Captioned web image data
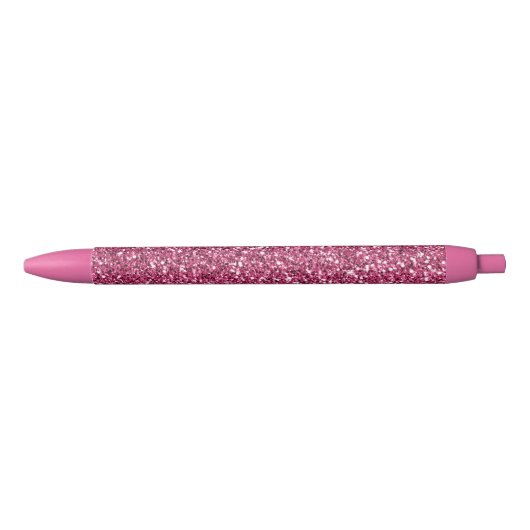 Girly Pink Glitter Zwarte Inkt Pen (Voorkant)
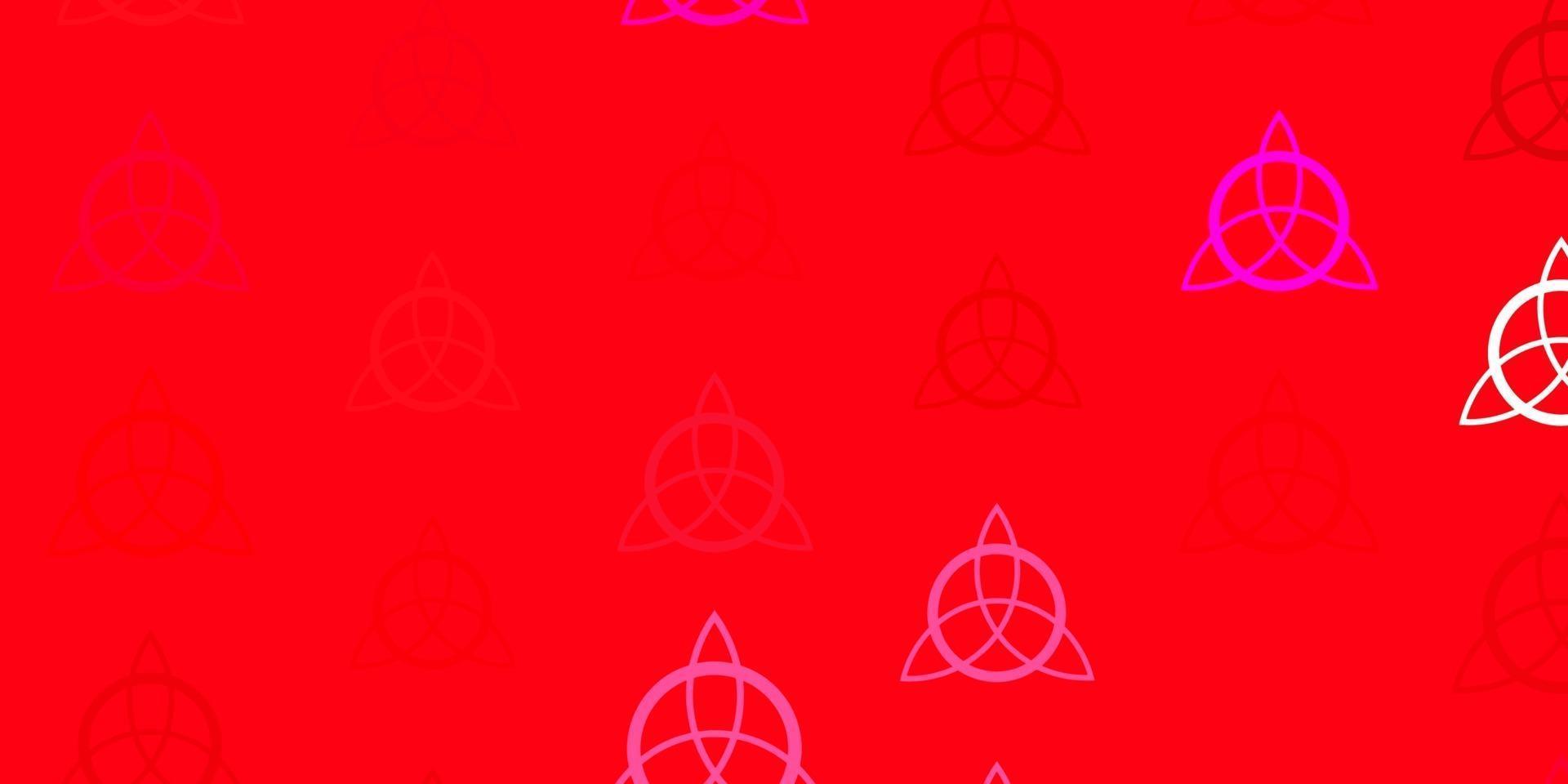 Light Pink, Red vector background with occult symbols.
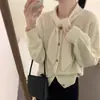 Suéter de Tricô Liso Simples Versátil Macio Confortável Moda Estiloso Design de Botão Único Manga Longa Malha Top para Mulheres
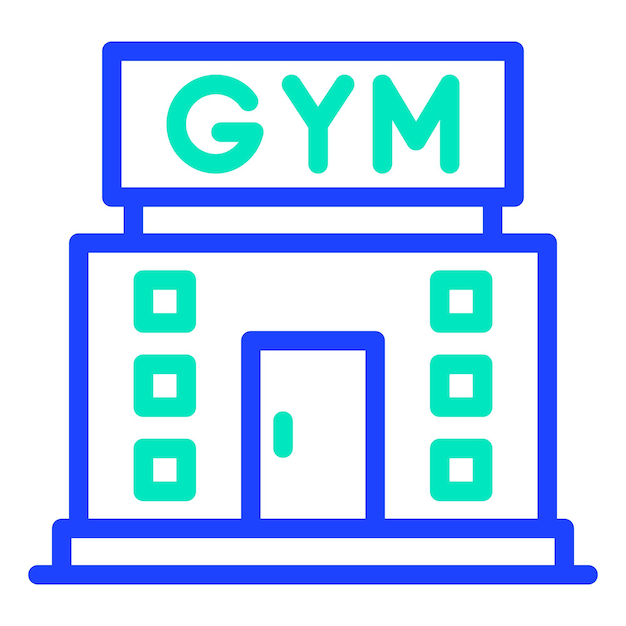 Ilustración del diseño del icono vectorial del gimnasio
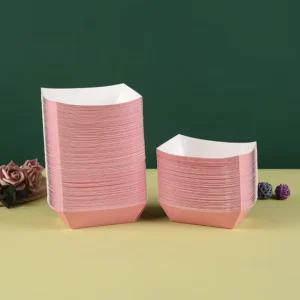 Kraft Paper Snack Boat Box, Disposable Oil-Proof Takeaway Fries and Fried Chicken Packaging Box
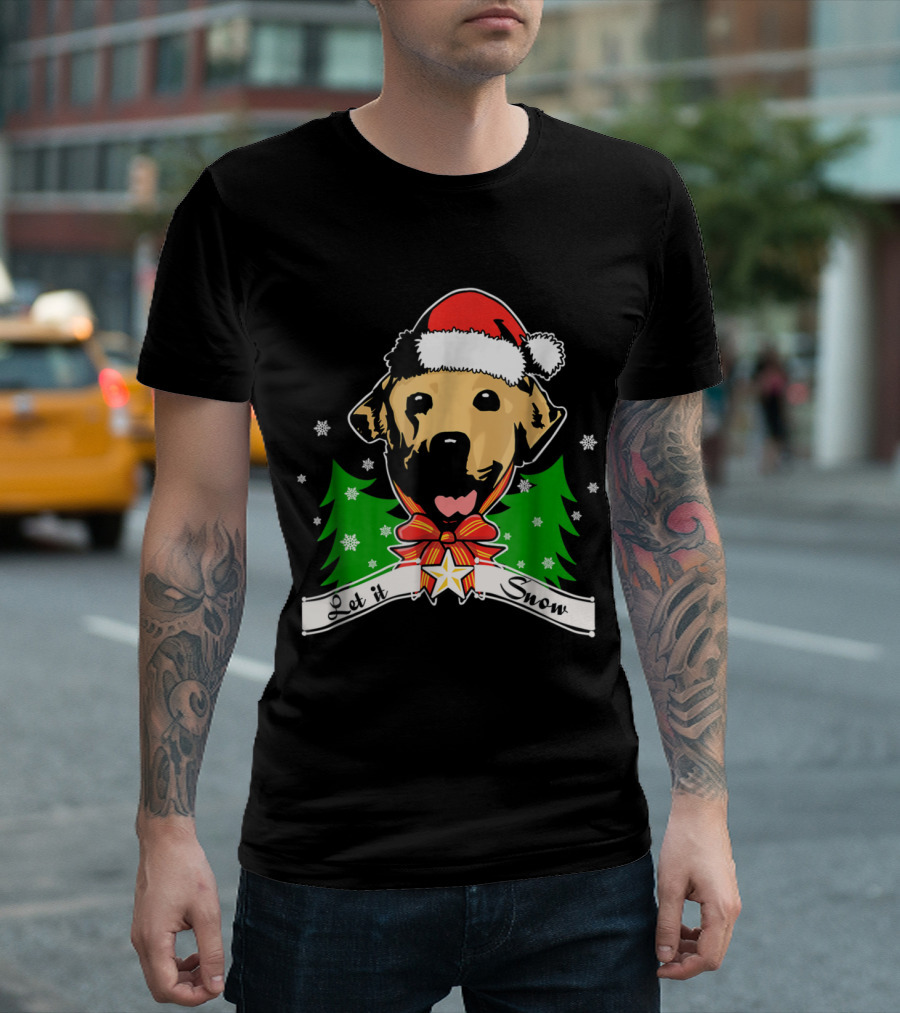 Labrador Retriever Let It Snow Christmas Santa Hat Snowflakes Trees T-Shirt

● **Exercise aim**
Set down every record exactly, without the pictures.

● **Expected answer**
 Girly Pink Glitter Zwarte Inkt Pen (Voorkant)
 Light Pink, Red vector background with occult symbols.
 Suéter de Tricô Liso Simples Versátil Macio Confortável Moda Estiloso Design de Botão Único Manga Longa Malha Top para Mulheres
 Ilustración del diseño del icono vectorial del gimnasio
 Kraft Paper Snack Boat Box, Disposable Oil-Proof Takeaway Fries and Fried Chicken Packaging Box
 Labrador Retriever Let It Snow Christmas Santa Hat Snowflakes Trees T-Shirt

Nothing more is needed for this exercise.